== Problem ==
Reproduce, exactly, the lines of the material below from the line containing "Двойные красные светодиодные" through the line containing "Boys Hoodie Color", with both end lines included and nothing else.

== Data excerpts ==
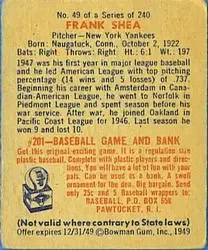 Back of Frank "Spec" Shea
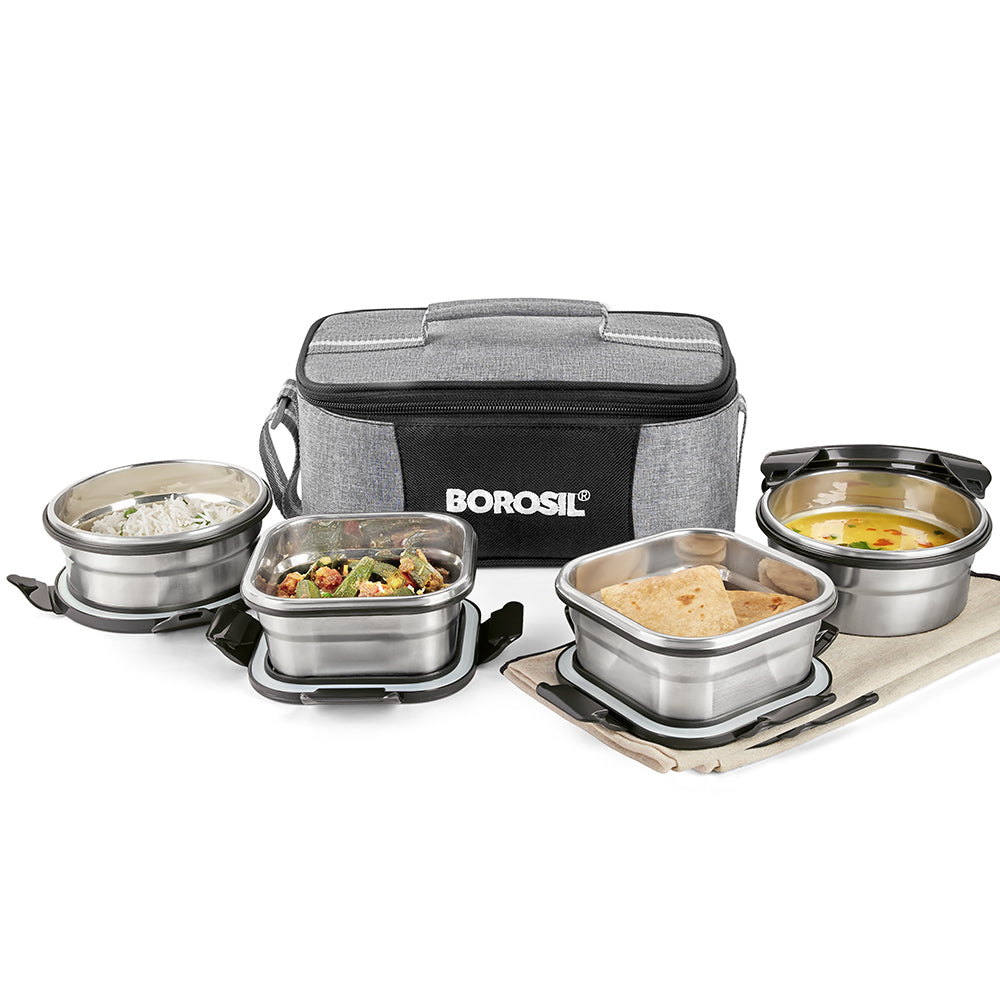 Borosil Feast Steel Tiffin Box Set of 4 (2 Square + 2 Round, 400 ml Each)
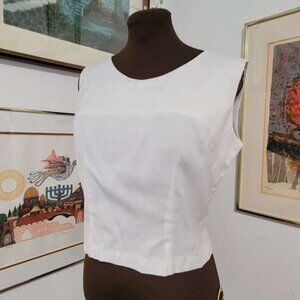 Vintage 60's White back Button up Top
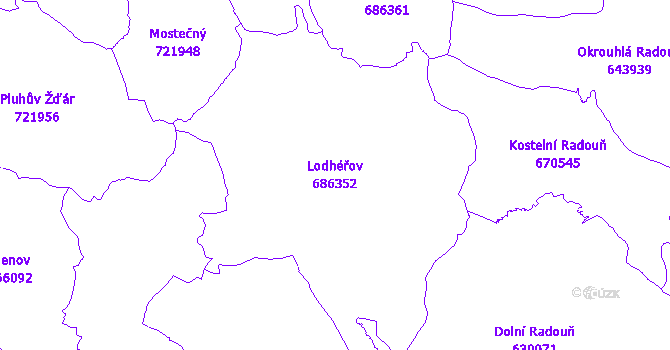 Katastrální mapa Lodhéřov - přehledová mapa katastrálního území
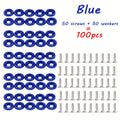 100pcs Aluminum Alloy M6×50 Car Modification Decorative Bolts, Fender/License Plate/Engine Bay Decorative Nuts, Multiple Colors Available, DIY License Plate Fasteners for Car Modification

* * *

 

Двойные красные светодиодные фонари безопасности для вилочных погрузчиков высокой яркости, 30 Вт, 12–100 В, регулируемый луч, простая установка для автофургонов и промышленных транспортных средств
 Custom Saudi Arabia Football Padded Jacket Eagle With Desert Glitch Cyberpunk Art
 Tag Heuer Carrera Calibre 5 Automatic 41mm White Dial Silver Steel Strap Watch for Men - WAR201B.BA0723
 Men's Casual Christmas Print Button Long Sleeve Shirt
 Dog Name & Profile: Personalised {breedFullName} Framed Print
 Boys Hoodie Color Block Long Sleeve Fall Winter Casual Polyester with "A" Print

== Response area ==
Двойные красные светодиодные фонари безопасности для вилочных погрузчиков высокой яркости, 30 Вт, 12–100 В, регулируемый луч, простая установка для автофургонов и промышленных транспортных средств
 Custom Saudi Arabia Football Padded Jacket Eagle With Desert Glitch Cyberpunk Art
 Tag Heuer Carrera Calibre 5 Automatic 41mm White Dial Silver Steel Strap Watch for Men - WAR201B.BA0723
 Men's Casual Christmas Print Button Long Sleeve Shirt
 Dog Name & Profile: Personalised {breedFullName} Framed Print
 Boys Hoodie Color Block Long Sleeve Fall Winter Casual Polyester with "A" Print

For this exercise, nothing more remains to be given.